4. THE BIRTHDAY BALL by Lois Lowry
When your name is attached to Newbery greats such as THE GIVER and NUMBER THE STARS, any book you release is going to get some attention. I don't foresee THE BIRTHDAY BALL getting too much serious attention, but I actually thought it was a blast. The Lemony Snickett-esque, tongue in cheek, sarcastic humor that Lowry tried with THE WILLOUGHBYS was done extremely well here. It was crude and poignant all at the same time. I enjoyed it.
3. MOCKINGBIRD by Kathryn Erskine
This story, written in first person from the point of view of a girl with Aspergers, was extremely difficult to read at times, but worth it in the end. Her random thoughts and narrative really force the reader into Caitlin's shoes. The subplot involving her dead brother is pretty moving. Very cleverly written but I'm not sure how many kids would be able to truly appreciate it.
2. KEEPER by Kathi Appelt
THE UNDERNEATH was incredible so I was excited to get into KEEPER, Kathi Appelt's follow-up novel. I didn't find this one as strong as THE UNDERNEATH but it's pretty engaging and inventive all the same. Appelt has quite the author voice and I love how it blurs the line between fantasy and fiction. The timeline of events, and stories within stories, could be somewhat confusing for kid readers, but I admire her fresh approach to storytelling. She gives the reader only enough information to wet the appetite, then moves onto other areas of the plot. All loose ends were tied up by the conclusion and I was left thoroughly satisfied.

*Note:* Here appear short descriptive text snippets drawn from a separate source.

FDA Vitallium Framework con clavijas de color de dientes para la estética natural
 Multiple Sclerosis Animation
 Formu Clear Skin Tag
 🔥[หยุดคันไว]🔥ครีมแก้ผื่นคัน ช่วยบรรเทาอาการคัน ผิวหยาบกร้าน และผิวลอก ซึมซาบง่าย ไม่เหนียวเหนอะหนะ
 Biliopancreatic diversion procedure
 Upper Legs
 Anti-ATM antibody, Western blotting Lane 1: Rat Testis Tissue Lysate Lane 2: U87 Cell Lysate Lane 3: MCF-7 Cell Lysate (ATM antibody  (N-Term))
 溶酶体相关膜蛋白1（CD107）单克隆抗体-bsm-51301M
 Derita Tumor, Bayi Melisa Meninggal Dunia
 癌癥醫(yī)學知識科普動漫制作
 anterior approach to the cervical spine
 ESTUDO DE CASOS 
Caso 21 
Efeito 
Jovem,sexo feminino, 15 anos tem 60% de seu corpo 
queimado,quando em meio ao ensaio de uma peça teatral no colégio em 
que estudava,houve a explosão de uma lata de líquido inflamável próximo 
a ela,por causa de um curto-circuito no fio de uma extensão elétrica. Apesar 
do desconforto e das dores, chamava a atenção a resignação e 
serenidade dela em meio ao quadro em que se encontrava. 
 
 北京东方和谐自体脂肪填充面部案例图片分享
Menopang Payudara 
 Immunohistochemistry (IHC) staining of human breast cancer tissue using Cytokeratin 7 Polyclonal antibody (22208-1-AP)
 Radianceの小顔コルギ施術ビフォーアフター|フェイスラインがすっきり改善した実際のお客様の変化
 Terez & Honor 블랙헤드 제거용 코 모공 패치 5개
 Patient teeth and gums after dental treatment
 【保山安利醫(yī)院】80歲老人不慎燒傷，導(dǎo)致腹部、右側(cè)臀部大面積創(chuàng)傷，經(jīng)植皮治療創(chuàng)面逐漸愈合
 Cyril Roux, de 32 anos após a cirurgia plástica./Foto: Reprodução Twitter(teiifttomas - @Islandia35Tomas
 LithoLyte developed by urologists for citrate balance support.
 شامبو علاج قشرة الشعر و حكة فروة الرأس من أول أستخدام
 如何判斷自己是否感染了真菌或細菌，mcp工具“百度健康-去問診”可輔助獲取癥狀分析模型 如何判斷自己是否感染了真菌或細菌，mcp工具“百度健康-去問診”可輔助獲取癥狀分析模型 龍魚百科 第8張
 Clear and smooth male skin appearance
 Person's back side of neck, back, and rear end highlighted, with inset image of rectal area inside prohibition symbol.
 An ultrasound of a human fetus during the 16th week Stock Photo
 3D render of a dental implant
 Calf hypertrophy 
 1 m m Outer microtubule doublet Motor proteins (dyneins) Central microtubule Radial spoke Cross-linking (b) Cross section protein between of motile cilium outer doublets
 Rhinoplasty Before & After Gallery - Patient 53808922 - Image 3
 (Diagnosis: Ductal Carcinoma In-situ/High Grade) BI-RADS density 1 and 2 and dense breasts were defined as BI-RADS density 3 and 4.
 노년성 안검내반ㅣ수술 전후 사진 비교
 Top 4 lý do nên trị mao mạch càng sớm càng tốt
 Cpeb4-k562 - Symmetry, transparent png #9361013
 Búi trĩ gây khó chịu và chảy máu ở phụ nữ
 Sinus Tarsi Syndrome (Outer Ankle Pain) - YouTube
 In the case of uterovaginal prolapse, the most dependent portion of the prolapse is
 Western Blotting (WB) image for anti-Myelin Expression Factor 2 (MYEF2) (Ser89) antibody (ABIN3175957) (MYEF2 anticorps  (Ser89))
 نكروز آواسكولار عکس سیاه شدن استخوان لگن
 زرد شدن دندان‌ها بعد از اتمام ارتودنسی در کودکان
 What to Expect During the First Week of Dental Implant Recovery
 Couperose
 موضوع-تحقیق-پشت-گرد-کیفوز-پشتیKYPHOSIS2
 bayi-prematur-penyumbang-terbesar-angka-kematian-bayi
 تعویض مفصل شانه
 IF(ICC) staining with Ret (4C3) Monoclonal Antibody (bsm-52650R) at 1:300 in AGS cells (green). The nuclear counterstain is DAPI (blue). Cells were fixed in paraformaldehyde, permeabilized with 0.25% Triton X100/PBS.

The only quibble with this tale is the age appropriateness. KEEPER is definitely written as if it's more kid-friendly than THE UNDERNEATH, but in terms of subject matter, I'm not quite so sure. The grandfatherly Mr. Beauchamp's inferred homosexual relationship with a "mermaid", the complex, and somewhat rocky relationship between Keeper's mother and Signe and Dogie, and the explanation of Keeper's birth, are all things that received snickers from the 5th graders I shared this story with. It's definitely written at their level, but there are too many things within these pages that I don't think they are mature enough to fully grasp.
1. THE DREAMER by Pam Munoz Ryan
This is not the type of book I would typically enjoy. But I was enthralled by it. I have never heard of Pablo Neruda but if ever a book were to be written about me, I could only hope someone would put as much thought and care into crafting my story as Pam Munoz Ryan did with Neruda's. I've never read a biography written with such inventive creativity. The way young Pablo effortlessly slips in and out of reality and takes the reader along with him is awesome. Plus, unlike the other books I've read, the message for kids easily acessible. Loud and clear. Work hard. Anyone, from any walk of life, can achieve their dreams. If I were sitting around the Newbery table, there wouldn't be a book I would champion more for!
We'll see come January now, what's rewarded and what's not. I also have my hands on THE BONESHAKER, TURTLE IN PARADISE, and COUNTDOWN and I would love to find a chance to read A TALE DARK AND GRIMM and BECAUSE OF MR. TERUPT. We'll see. For now, back to some oldies . . .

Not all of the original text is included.